Identificando as Causas

Também há pouco consenso entre o público muçulmano sobre as causas do extremismo islâmico. Em nenhum país a maioria concordou com um fator principal. Pluralidades na faixa entre 34% e 40% apontam para as políticas e influência dos EUA (Líbano, Jordânia); pobreza e falta de empregos (Paquistão, Marrocos); falta de educação (Turquia); e imoralidade (Indonésia). Em nenhum país, a corrupção ou a ilegalidade do governo são designadas como fonte do extremismo por mais do que uma pequena porcentagem.

Vozes
Relatório doInternational Herald Tribune*

“Os políticos se entregam à corrupção. Os partidos islâmicos são formados por pessoas piedosas, que seguem a palavra de Alá. É uma coisa boa. As pessoas acreditariam mais em uma pessoa que segue o Islã do que em um político corrupto ”.
- A dona de casa de 48 anos de um empresário paquistanês

“(Eu) não é o Islã que está desempenhando um papel maior na política. Os partidos políticos, que pregam o Islã, estão ganhando poder político. Eles usam o guarda-chuva do Islã ... Eu acredito que o extremismo islâmico é perigoso para o país não por causa de bombas ou ataques terroristas, mas porque impede o advento da tecnologia e do modernismo. ”
- Um professor de escola primária no Líbano

“A religião está desempenhando um papel mais importante na política por causa do processo de globalização. A globalização criou novos valores e novas culturas que estão começando a penetrar na Indonésia. As mudanças são tão rápidas e drásticas, que é claro que isso cria problemas. Muitas pessoas não conseguem lidar com essa mudança e, para criar certezas em suas vidas, voltam aos valores que conhecem, como os religiosos. É um mecanismo de defesa, que não é exclusivo da cultura muçulmana. ”
- O cofundador de um think tank em Jacarta

“Sim, muitas pessoas colocam a religião na política agora, mas não tenho certeza do porquê. Não entendo porque vendo comida e não me importo em aprender sobre política. ”
- Um vendedor de 55 anos em Jacarta

“O extremismo representa um perigo para a sanidade comunal do Paquistão.

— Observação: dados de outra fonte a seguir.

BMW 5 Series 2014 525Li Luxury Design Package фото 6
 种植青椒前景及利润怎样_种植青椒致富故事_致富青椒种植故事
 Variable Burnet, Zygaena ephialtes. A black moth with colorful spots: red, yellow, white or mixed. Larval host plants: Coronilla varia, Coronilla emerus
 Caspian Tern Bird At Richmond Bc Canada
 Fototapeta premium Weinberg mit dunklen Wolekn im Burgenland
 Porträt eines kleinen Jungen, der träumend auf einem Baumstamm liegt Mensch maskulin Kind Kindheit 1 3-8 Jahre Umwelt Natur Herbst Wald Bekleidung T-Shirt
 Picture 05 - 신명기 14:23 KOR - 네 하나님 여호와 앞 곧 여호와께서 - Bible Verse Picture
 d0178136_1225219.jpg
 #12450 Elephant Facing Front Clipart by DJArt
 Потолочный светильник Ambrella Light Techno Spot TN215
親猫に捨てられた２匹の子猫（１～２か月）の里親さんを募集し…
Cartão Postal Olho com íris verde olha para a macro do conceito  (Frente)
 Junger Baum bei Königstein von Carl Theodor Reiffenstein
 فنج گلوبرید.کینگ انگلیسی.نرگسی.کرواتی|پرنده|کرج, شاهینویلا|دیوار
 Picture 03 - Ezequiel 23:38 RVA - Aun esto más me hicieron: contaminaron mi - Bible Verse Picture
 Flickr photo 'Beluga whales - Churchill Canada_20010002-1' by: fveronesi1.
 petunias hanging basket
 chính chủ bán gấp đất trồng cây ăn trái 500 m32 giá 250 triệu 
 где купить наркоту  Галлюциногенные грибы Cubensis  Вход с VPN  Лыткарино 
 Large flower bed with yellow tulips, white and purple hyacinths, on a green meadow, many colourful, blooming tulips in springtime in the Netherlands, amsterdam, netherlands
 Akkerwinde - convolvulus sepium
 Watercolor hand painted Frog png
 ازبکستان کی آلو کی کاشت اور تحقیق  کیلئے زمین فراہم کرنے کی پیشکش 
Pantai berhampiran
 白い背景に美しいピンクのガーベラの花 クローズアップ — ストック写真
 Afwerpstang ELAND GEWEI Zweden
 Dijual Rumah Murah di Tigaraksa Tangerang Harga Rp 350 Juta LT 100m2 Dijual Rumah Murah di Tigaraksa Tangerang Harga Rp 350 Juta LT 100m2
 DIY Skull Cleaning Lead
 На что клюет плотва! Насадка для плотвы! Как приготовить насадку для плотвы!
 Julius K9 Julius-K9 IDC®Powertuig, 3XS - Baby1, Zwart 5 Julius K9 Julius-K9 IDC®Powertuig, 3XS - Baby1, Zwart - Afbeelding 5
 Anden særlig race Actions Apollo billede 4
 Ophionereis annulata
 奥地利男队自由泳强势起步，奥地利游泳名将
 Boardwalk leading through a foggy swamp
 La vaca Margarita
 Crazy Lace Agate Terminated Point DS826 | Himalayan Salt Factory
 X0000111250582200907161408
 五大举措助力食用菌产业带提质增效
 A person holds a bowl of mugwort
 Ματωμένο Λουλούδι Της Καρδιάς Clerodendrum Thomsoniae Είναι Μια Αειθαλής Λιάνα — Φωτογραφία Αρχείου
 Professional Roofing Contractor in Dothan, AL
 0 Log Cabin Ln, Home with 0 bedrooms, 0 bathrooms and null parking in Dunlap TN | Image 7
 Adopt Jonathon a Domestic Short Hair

Acho que devemos deixar a democracia governar e deixar todos serem felizes. Onde ninguém pressiona ninguém, nenhum fundamentalista, nenhum fanático, religioso ou não ”.
- Um consultor de marketing de televisão de 29 anos em Islamabad, Paquistão

“Quando os paquistaneses dizem que querem um papel maior para o Islã, geralmente querem dizer que querem mais moralidade. Não há evidências de que os paquistaneses apóiem ​​a perspectiva dos partidos islâmicos, que conseguiram apenas 11% do voto popular nas eleições parlamentares de 2002 ... ”
- Um professor e autor do Paquistão agora ensinando em Boston

“Não existe violência contra civis em defesa do Islã. A formulação é enganosa. O que está acontecendo no Iraque, no Reino Unido, nos EUA não é violência contra civis em defesa do Islã. É a resistência contra a ocupação ”.
- Um bancário de 31 anos no Líbano

* As entrevistas foram conduzidas por Katrin Bennhold na França, Judy Dempsey na Alemanha, Salman Masood no Paquistão, Evelyn Rusli na Indonésia e Marlise Simons na Holanda, todos osInternational Herald Tribunee Mayssam Zaaroura no Líbano deThe Daily Star.